WASHINGTON (Reuters) - The rise in greenhouse gases in the atmosphere means far more energy is coming into Earth’s climate system than is going out, but half of that energy is missing and could eventually reappear as another sign of climate change, scientists said on Thursday.
In stable climate times, the amount of heat coming into Earth’s system is equal to the amount leaving it, but these are not stable times, said John Fasullo of the U.S. National Center for Atmospheric Research, a co-author of the report in the journal Science.
The gap between what’s entering the climate system and what’s leaving is about 37 times the heat energy produced by all human activities, from driving cars and running power plants to burning wood.

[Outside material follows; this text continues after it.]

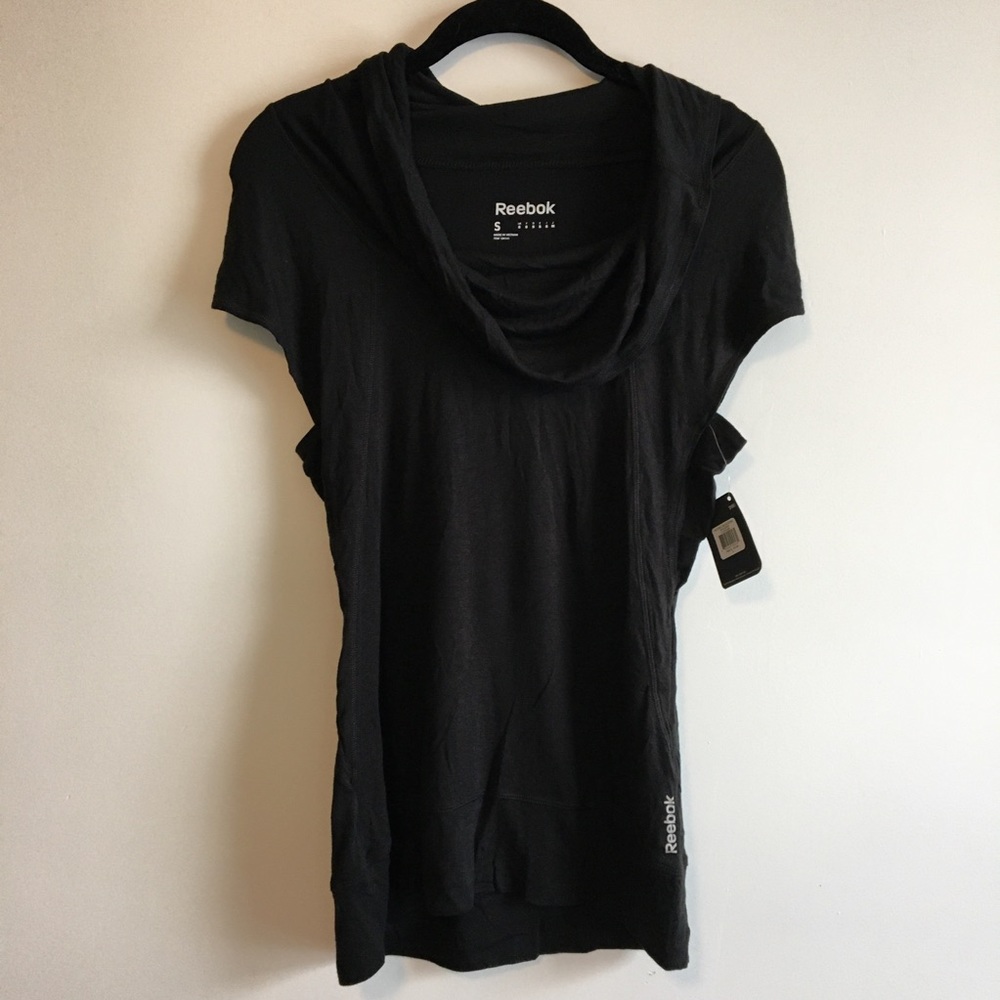 NWT Reebok top black size small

Half of that gap is unaccounted for, Fasullo and his co-author Kevin Trenberth reported. It hasn’t left the climate system but it hasn’t been detected with satellites, ocean sensors or other technology.
It might lurk in deep ocean waters in areas sensors don’t reach. Some of it could be the result of imprecise measurement or processing of satellite or sensor data. But the greenhouse-caused heat gap is definitely there, the authors said.
“The heat will come back to haunt us sooner or later,” Trenberth said. “It is critical to track the build-up of energy in our climate system so we can understand what is happening and predict our future climate.”
By pumping climate-warming greenhouse gases like carbon dioxide into the atmosphere, humans have caused this imbalance, and “it is this imbalance that produces ‘global warming,’” the authors wrote.
WARMING OCEANS, MELTING ICE
Much of the heat gap is evident in warming ocean waters, melting polar ice and other signs of climate change, but half of it is nowhere to be found, Trenberth and Fasullo reported.
That doesn’t mean it’s gone. It could show itself as an abrupt El Nino pattern, where tropical Pacific waters warm up and influence weather in North and South America.
“There is a wide range of possibilities for what may end up happening with the missing energy,” Fasullo wrote in an e-mail interview. “It is clear however that the system cannot sequester heat indefinitely without a surface temperature response.
“The potential impacts of such a response are likely to be as diverse as those associated with climate change, in my view,” he wrote.
These potential impacts of climate change include increased droughts, floods and wildfires, rising sea levels and more severe storms, the U.N. Intergovernmental Panel on Climate Change has reported.
Last year was one of the five warmest on record, and the decade from 2000-2009 was the warmest decade on record, according to the World Meteorological Organization, but Trenberth said there has recently been some stagnation in global surface temperatures, including some cold spells in Europe, Asia and the United States this past winter.
He said this stagnation was due to natural variability, while at the same time, sea levels have continued rising at the same rates as previously, while the melting of glacial and Arctic sea ice has picked up.